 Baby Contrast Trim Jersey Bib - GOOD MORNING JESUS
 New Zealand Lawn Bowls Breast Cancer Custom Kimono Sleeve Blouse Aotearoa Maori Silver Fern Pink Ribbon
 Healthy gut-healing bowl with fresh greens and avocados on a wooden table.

...

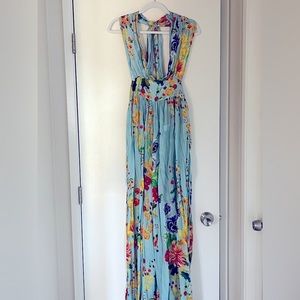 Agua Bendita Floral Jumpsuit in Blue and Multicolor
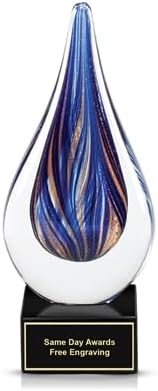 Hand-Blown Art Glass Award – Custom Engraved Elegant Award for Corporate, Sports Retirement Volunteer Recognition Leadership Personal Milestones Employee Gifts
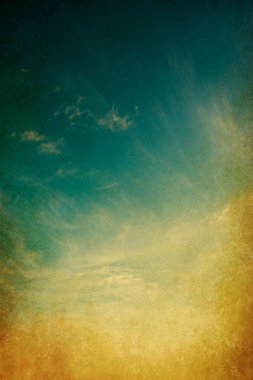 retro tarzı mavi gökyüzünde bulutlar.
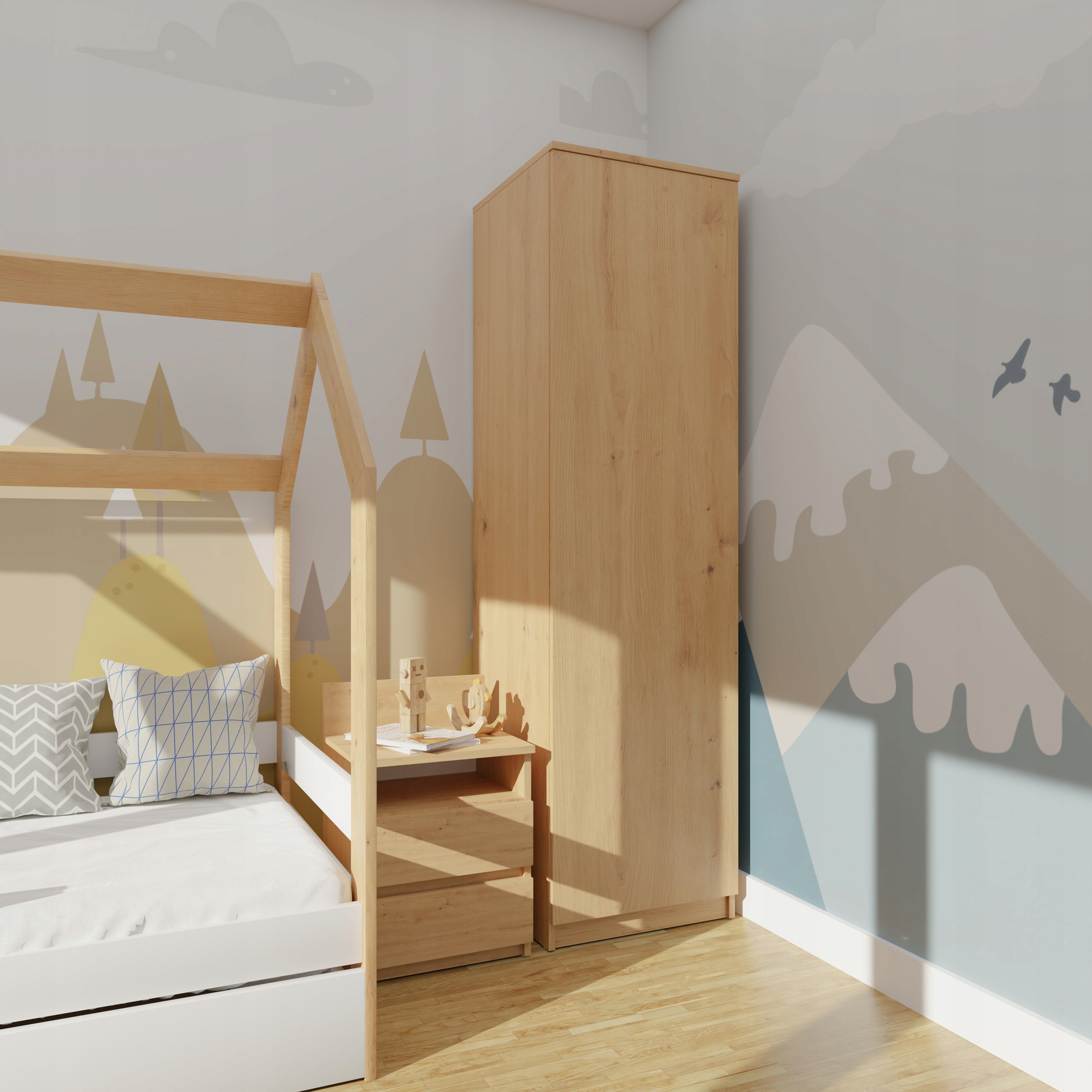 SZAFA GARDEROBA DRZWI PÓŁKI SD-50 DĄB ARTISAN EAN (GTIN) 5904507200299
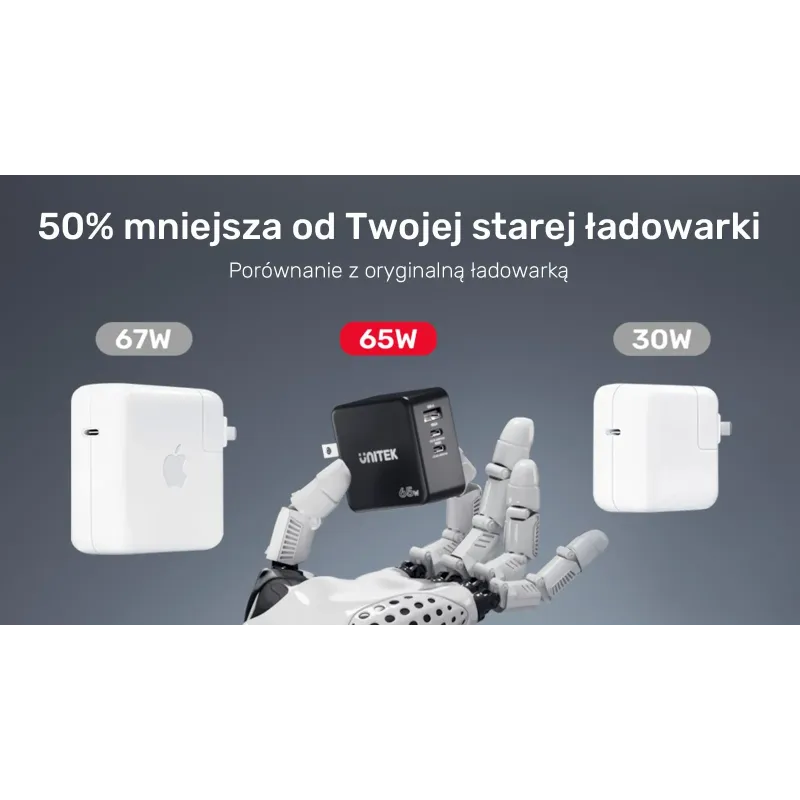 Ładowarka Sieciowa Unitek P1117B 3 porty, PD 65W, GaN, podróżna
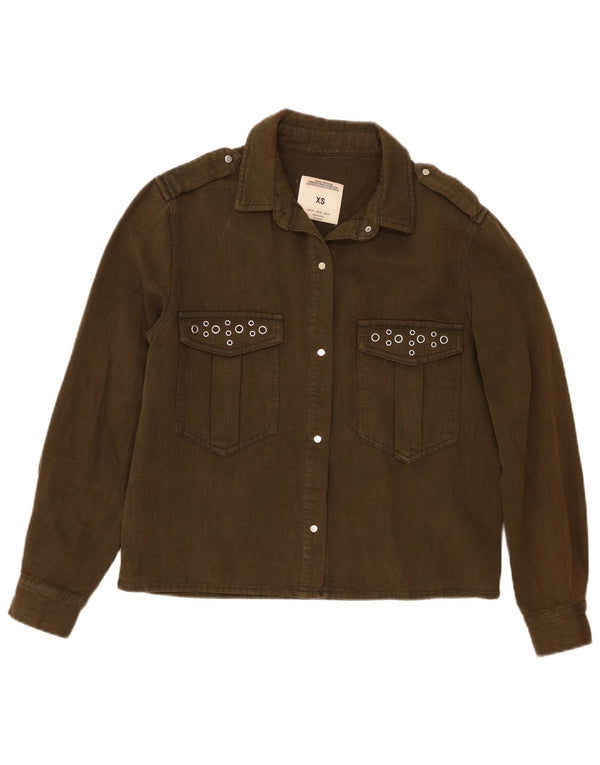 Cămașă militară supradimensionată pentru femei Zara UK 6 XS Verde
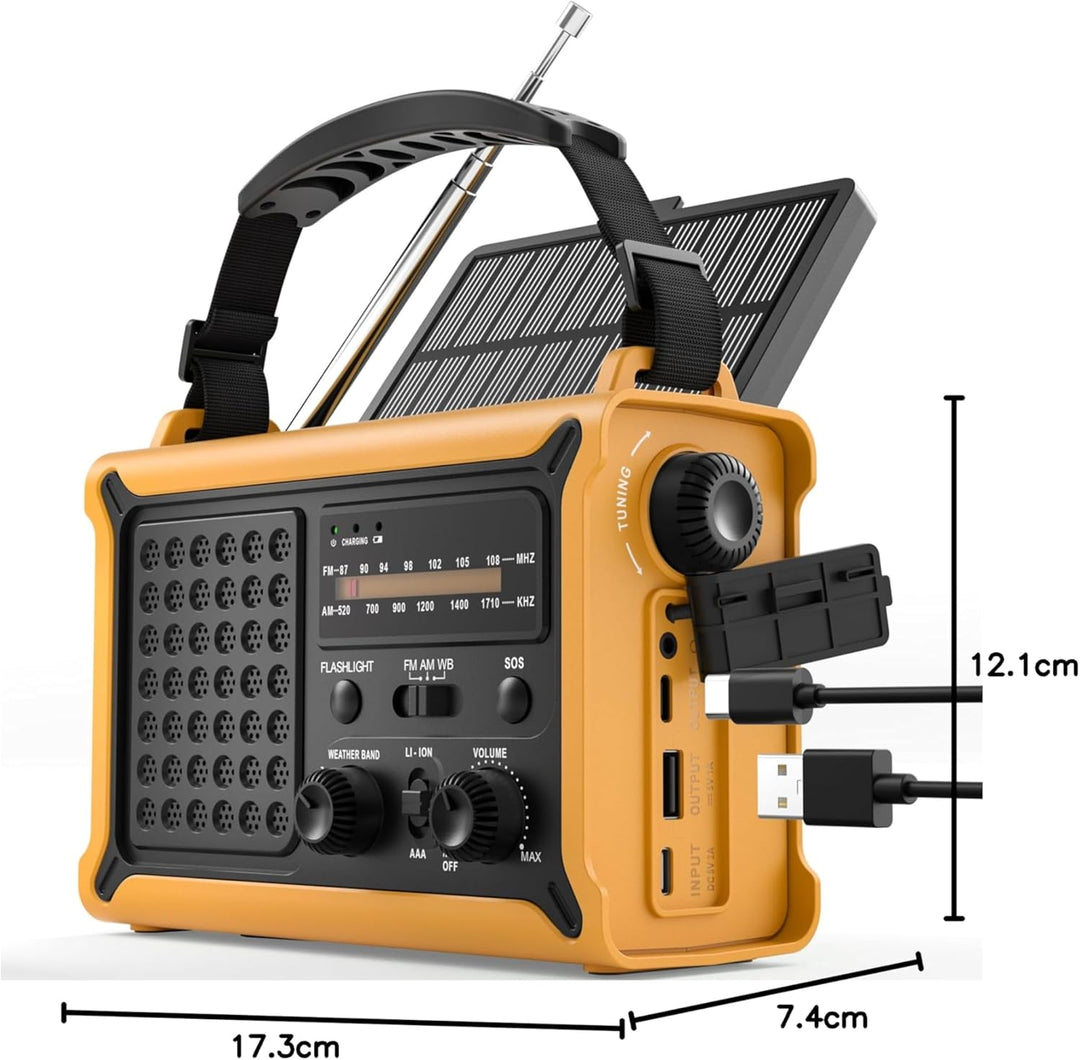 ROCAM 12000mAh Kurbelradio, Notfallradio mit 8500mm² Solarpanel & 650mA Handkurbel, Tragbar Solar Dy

**About this exercise:** Your reply is to repeat, unchanged, the lines above running from the one with "New Zealand Lawn" up to and including the one with "Healthy gut-healing bowl".

**Answer to the exercise:**
 New Zealand Lawn Bowls Breast Cancer Custom Kimono Sleeve Blouse Aotearoa Maori Silver Fern Pink Ribbon
 Healthy gut-healing bowl with fresh greens and avocados on a wooden table.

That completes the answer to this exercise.